François Hollande, Président. Qui l’eut cru ? Pas l’agence de presse Associated Press en tout cas, qui décrit le socialiste comme un “Accidental President” dans un article repris par plusieurs médias (dont ici par Fox News). L’étiquette n’est pas flatteuse pour le nouveau locataire de l’Elysée, mais l’organe de presse se justifie : “Il y a un an, l’idée de François Hollande devenant président de la République, aurait fait rire, même certains de ses alliés. (…) C’était avant l’affaire DSK“.

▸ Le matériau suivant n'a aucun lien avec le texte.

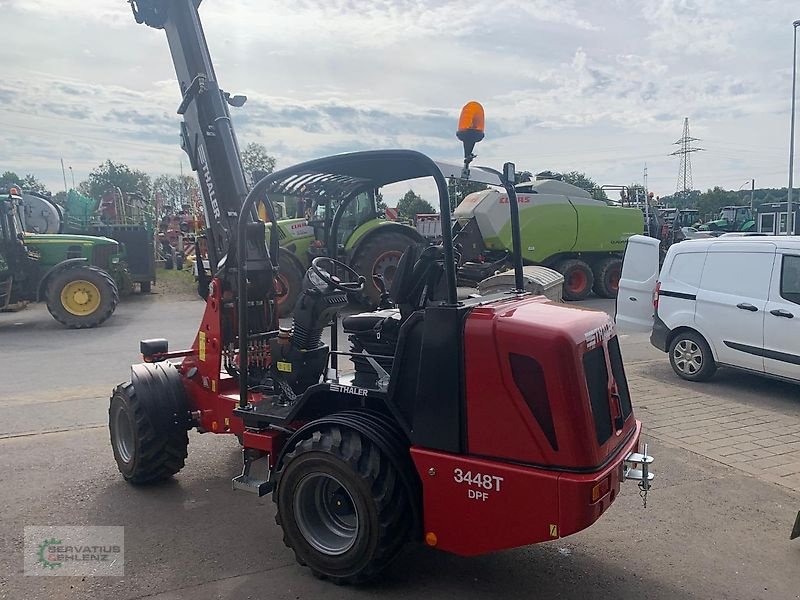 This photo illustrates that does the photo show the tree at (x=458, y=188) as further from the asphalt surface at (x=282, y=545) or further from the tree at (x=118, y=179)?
the tree at (x=118, y=179)

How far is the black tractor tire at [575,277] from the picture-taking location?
16516mm

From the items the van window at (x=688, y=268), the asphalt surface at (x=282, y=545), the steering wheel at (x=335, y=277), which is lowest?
the asphalt surface at (x=282, y=545)

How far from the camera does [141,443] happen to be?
187 inches

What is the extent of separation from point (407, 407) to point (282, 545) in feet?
4.21

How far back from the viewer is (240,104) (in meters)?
5.33

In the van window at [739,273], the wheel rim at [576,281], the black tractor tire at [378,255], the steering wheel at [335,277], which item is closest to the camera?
the steering wheel at [335,277]

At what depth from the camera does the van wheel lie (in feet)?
26.4

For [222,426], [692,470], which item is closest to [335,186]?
[222,426]

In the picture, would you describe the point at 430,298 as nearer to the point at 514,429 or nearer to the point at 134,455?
the point at 514,429

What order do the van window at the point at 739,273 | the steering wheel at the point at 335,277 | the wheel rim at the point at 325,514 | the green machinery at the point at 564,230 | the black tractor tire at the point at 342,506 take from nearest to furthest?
the black tractor tire at the point at 342,506 < the wheel rim at the point at 325,514 < the steering wheel at the point at 335,277 < the van window at the point at 739,273 < the green machinery at the point at 564,230

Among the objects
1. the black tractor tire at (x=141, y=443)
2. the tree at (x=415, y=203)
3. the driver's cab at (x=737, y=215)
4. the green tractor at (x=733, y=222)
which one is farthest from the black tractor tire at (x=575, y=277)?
the driver's cab at (x=737, y=215)

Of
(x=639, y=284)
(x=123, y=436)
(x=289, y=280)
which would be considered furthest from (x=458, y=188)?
(x=289, y=280)

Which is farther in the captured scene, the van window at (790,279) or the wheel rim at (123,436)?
the van window at (790,279)

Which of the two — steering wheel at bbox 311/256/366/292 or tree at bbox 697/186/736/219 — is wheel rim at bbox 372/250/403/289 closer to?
steering wheel at bbox 311/256/366/292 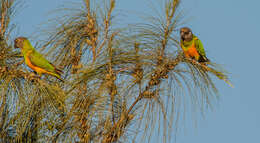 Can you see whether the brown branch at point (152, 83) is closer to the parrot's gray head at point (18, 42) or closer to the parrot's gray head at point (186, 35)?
the parrot's gray head at point (186, 35)

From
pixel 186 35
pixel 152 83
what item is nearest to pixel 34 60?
pixel 186 35

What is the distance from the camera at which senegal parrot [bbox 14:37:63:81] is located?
4101 mm

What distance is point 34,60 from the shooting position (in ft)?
15.8

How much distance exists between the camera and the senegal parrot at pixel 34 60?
4101 mm

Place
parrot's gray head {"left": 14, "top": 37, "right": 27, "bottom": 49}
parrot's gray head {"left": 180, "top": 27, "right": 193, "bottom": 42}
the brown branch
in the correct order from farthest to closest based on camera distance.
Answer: parrot's gray head {"left": 180, "top": 27, "right": 193, "bottom": 42}
parrot's gray head {"left": 14, "top": 37, "right": 27, "bottom": 49}
the brown branch

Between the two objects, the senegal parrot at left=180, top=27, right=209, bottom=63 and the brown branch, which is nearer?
the brown branch

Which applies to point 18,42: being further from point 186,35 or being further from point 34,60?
point 186,35

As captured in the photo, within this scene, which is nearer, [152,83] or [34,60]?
[152,83]

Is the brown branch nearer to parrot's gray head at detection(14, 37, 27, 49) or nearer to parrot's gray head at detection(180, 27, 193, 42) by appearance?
parrot's gray head at detection(180, 27, 193, 42)

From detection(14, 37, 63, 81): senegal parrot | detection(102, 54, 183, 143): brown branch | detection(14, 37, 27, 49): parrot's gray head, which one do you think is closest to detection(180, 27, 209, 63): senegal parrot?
detection(102, 54, 183, 143): brown branch

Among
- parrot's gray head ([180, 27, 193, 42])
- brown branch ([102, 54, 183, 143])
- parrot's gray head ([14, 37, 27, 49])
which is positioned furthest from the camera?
parrot's gray head ([180, 27, 193, 42])

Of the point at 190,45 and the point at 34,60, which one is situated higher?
the point at 190,45

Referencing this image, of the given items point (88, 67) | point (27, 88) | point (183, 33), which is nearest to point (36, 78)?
point (27, 88)

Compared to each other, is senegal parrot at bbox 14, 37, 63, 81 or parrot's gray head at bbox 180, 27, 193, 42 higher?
parrot's gray head at bbox 180, 27, 193, 42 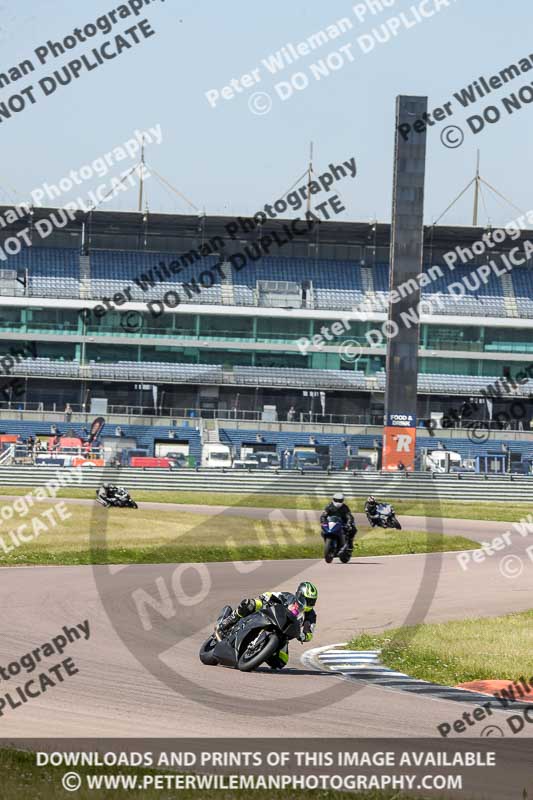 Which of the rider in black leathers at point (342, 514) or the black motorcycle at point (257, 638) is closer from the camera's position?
the black motorcycle at point (257, 638)

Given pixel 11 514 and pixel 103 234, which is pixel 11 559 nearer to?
pixel 11 514

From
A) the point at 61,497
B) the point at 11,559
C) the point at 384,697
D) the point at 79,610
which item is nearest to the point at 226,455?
the point at 61,497

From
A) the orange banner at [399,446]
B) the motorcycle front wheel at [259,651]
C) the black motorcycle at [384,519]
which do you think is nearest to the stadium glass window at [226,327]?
the orange banner at [399,446]

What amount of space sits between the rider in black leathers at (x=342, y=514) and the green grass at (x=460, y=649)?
8.36m

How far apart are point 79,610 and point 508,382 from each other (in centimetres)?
6393

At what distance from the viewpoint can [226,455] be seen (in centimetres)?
6238

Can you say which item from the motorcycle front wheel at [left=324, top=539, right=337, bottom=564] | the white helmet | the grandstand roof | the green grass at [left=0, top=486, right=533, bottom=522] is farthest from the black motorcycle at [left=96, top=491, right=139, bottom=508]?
the grandstand roof

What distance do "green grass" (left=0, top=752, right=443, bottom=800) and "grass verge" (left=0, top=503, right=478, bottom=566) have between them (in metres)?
16.7

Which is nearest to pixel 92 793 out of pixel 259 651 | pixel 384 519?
pixel 259 651

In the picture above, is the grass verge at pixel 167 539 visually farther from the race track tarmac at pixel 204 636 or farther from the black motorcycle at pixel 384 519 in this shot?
the race track tarmac at pixel 204 636

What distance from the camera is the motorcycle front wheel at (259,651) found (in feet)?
44.8

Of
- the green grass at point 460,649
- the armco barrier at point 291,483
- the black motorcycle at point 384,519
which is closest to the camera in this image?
the green grass at point 460,649

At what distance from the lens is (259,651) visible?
1370 cm

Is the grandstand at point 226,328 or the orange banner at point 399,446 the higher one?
the grandstand at point 226,328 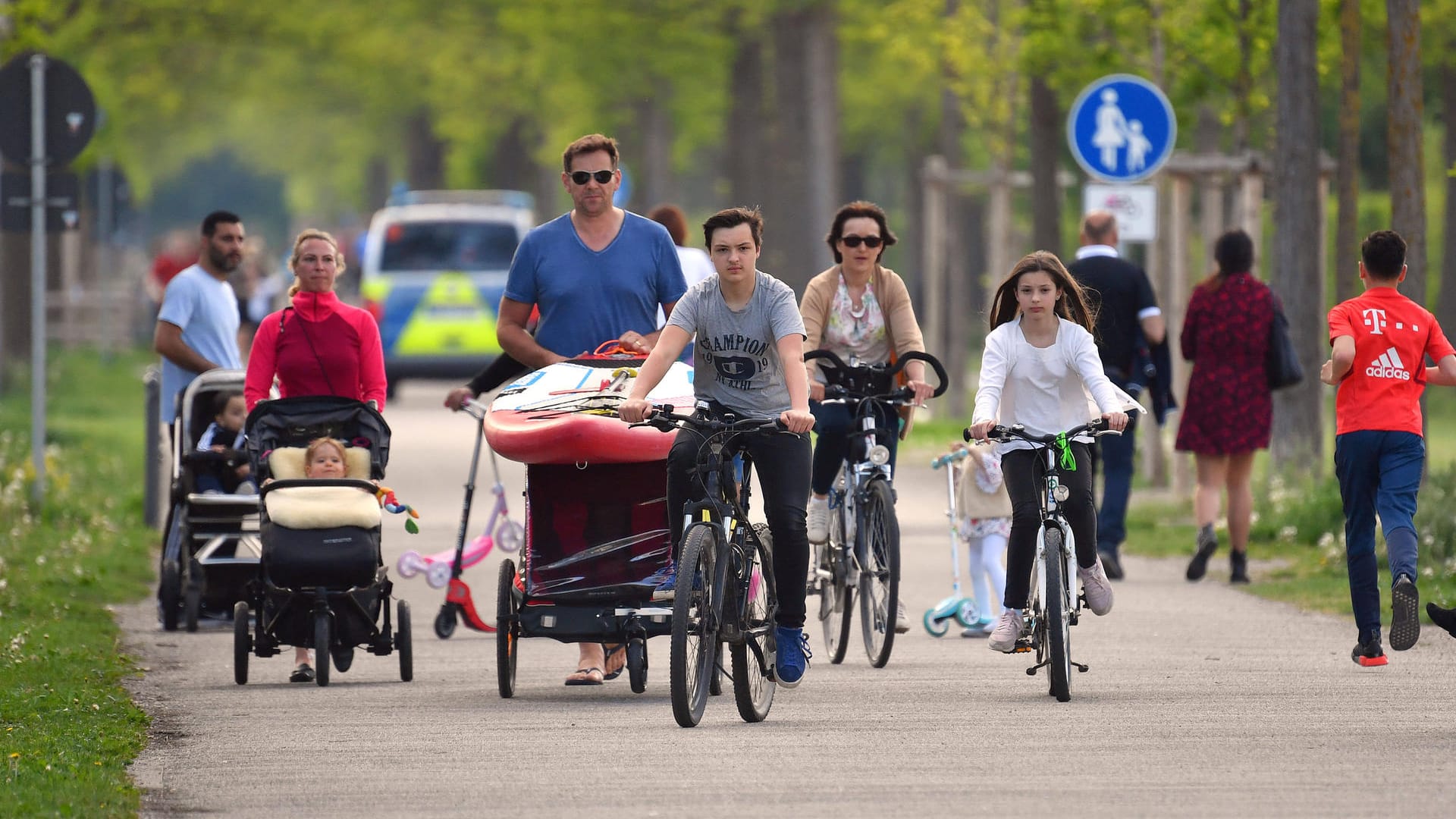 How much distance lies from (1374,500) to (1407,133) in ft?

Hollande peut peut-être remercier Dominique Strauss-Kahn, mais il doit surtout son succès à Nicolas Sarkozy et Angela Merkel, si l’on en croit de nombreux titres américains. Car, pour eux, c’est la politique d’austérité voulue par les deux leaders qui explique son élection. Selon le Detroit Free Press, cette dernière est un «retour de bâton» face aux politiques de rigueur de «Merkozy». «Retour de bâton» est également le terme utilisé par le Washington Post, dans un article intitulé «les électeurs grecs et français disent non à l’austérité», pour expliquer la montée en puissance du socialiste en France ainsi que l’effondrement des partis traditionnels aux élections parlementaires en Grèce, au même moment. «Avec Angela Merkel, Sarkozy le franc-parleur était l’architecte principal de la poussée européenne pour restaurer la confiance dans l’euro par une discipline fiscale dure». Dans un édito dans le New York Times, l’économiste Paul Krugman considère que les élections grecques et françaises sont avant tout des « référendums sur l’actuelle stratégie économique européenne ». Et d’ironiser : «C’était amusant de voir les apôtres de l’orthodoxie essayer de présenter Hollande le prudent et le tempéré comme une figure menaçante. ‘Il est plutôt dangereux, a déclaré The Economist, qui a observé qu’il croyait réellement dans une société plus juste. Quelle horreur (sic) ! »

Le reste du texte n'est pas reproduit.